> **Record extracts**:
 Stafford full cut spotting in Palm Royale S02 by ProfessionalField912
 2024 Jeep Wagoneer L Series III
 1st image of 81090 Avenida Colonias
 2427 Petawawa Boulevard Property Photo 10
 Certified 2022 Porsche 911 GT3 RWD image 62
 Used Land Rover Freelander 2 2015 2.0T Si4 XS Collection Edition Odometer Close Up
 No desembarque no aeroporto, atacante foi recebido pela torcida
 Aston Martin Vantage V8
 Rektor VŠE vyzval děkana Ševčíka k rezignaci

* * *

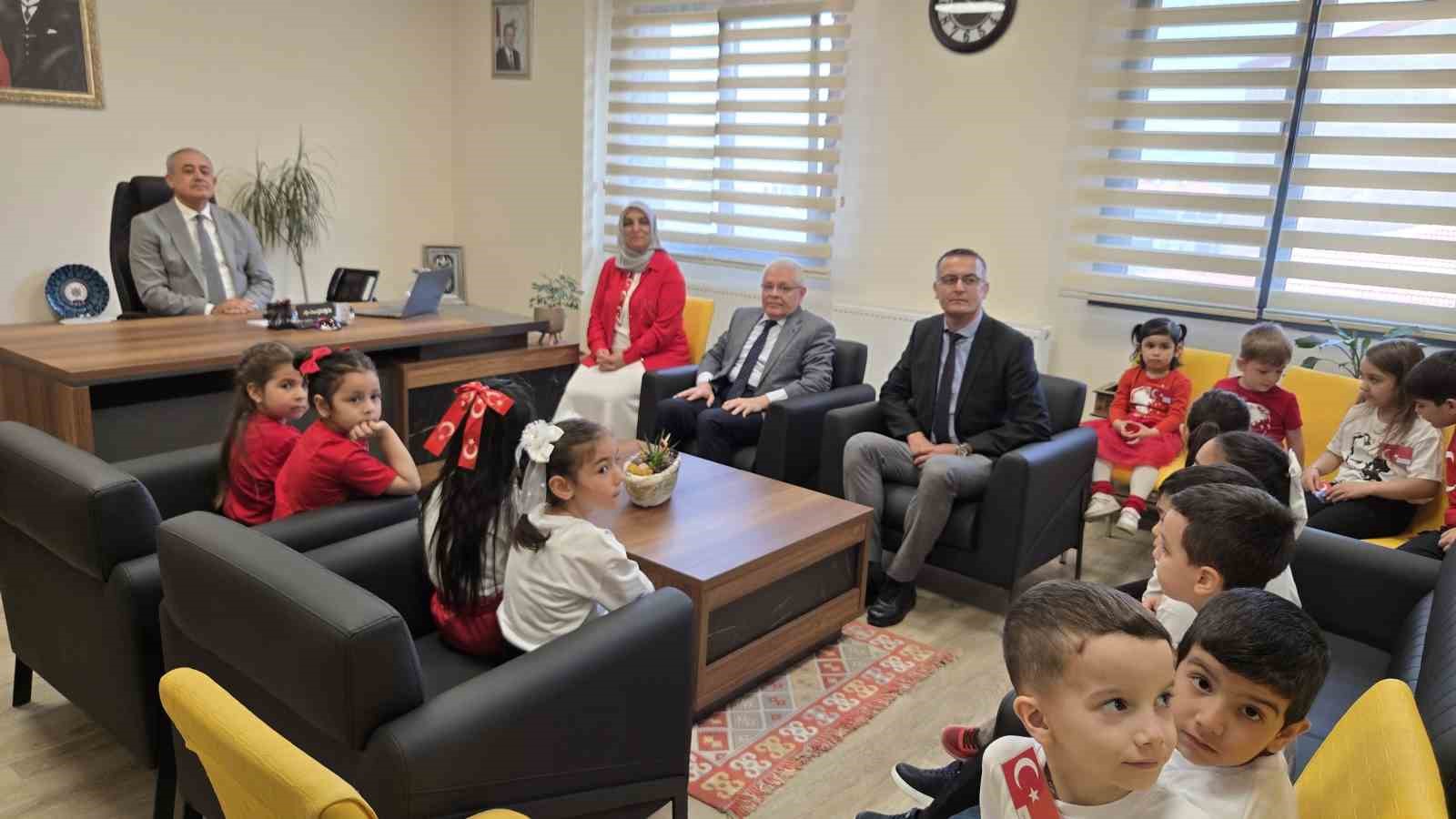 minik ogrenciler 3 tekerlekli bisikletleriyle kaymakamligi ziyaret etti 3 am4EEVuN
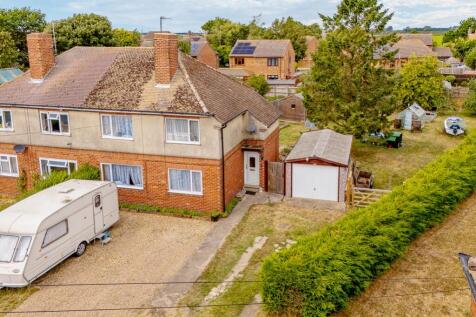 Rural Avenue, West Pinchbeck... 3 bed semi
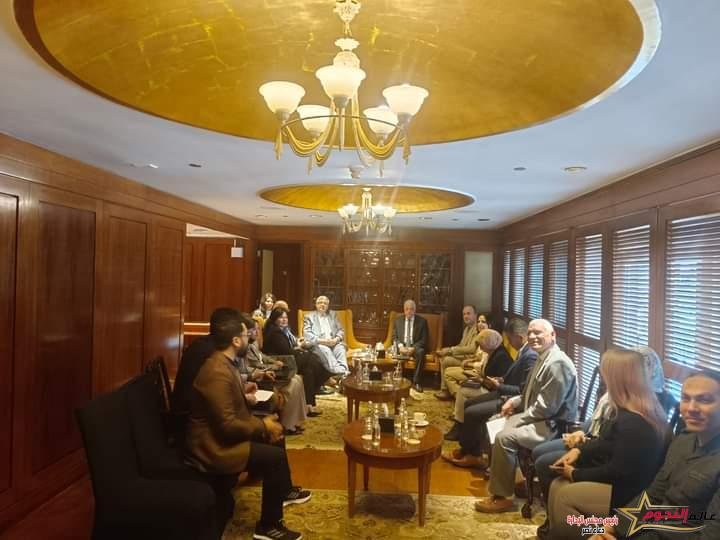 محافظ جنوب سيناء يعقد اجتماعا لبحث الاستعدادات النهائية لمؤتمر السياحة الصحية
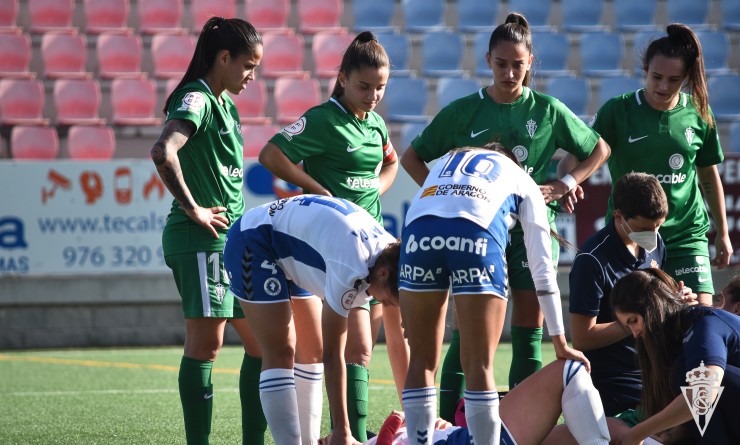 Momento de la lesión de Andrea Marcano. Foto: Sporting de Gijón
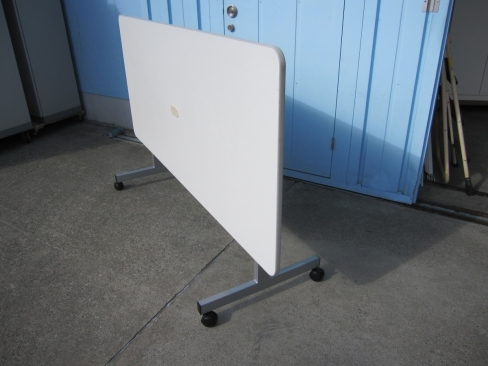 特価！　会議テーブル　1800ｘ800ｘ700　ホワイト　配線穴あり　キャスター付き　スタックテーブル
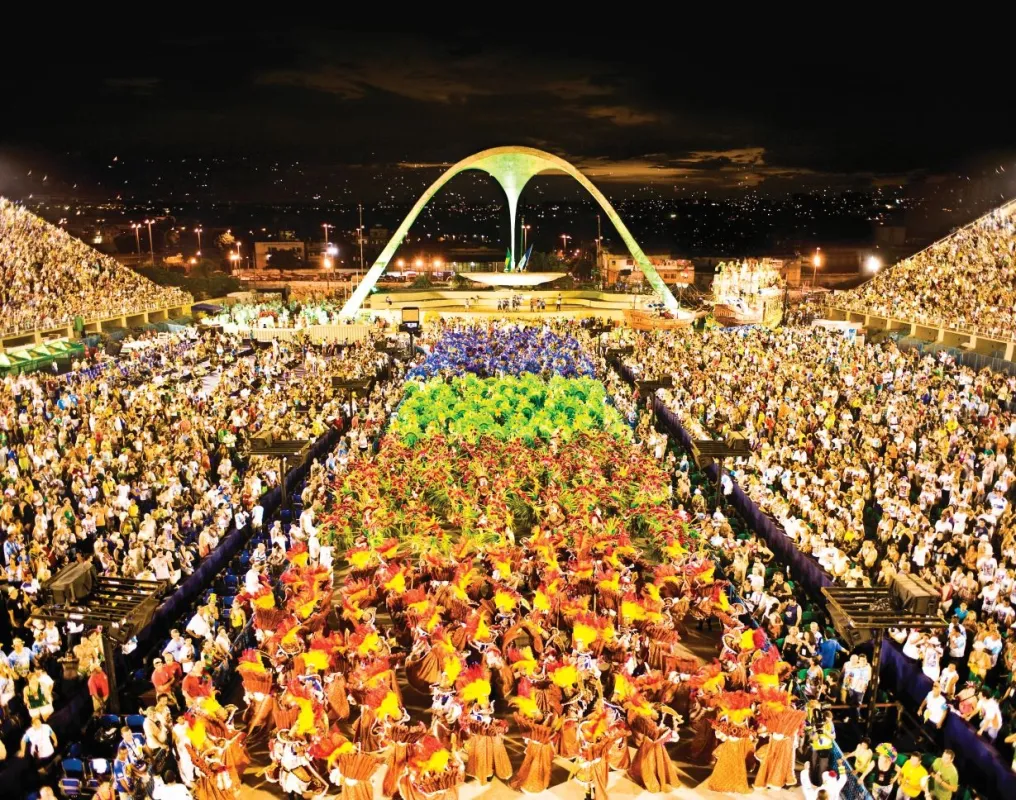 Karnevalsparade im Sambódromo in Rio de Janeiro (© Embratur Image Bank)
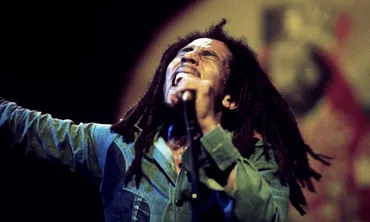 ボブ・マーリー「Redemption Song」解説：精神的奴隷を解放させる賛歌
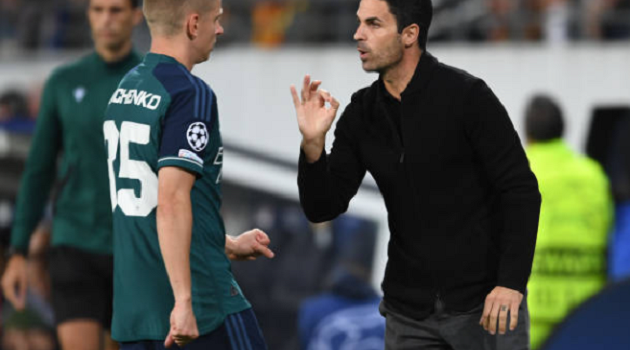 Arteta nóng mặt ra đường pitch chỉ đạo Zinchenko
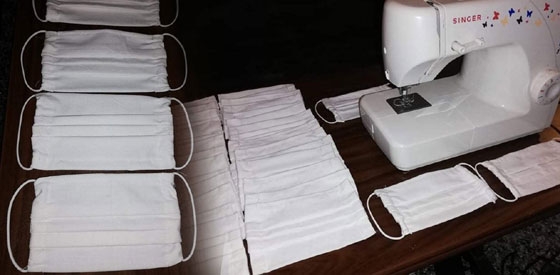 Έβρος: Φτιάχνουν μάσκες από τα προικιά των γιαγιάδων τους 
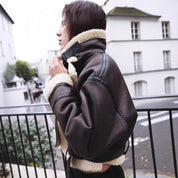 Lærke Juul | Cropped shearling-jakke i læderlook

> **Task to carry out**:
Output the lines above between the one holding "Stafford full cut" and the one holding "No desembarque no", inclusive, with nothing before or after them.

> **Task output**:
 Stafford full cut spotting in Palm Royale S02 by ProfessionalField912
 2024 Jeep Wagoneer L Series III
 1st image of 81090 Avenida Colonias
 2427 Petawawa Boulevard Property Photo 10
 Certified 2022 Porsche 911 GT3 RWD image 62
 Used Land Rover Freelander 2 2015 2.0T Si4 XS Collection Edition Odometer Close Up
 No desembarque no aeroporto, atacante foi recebido pela torcida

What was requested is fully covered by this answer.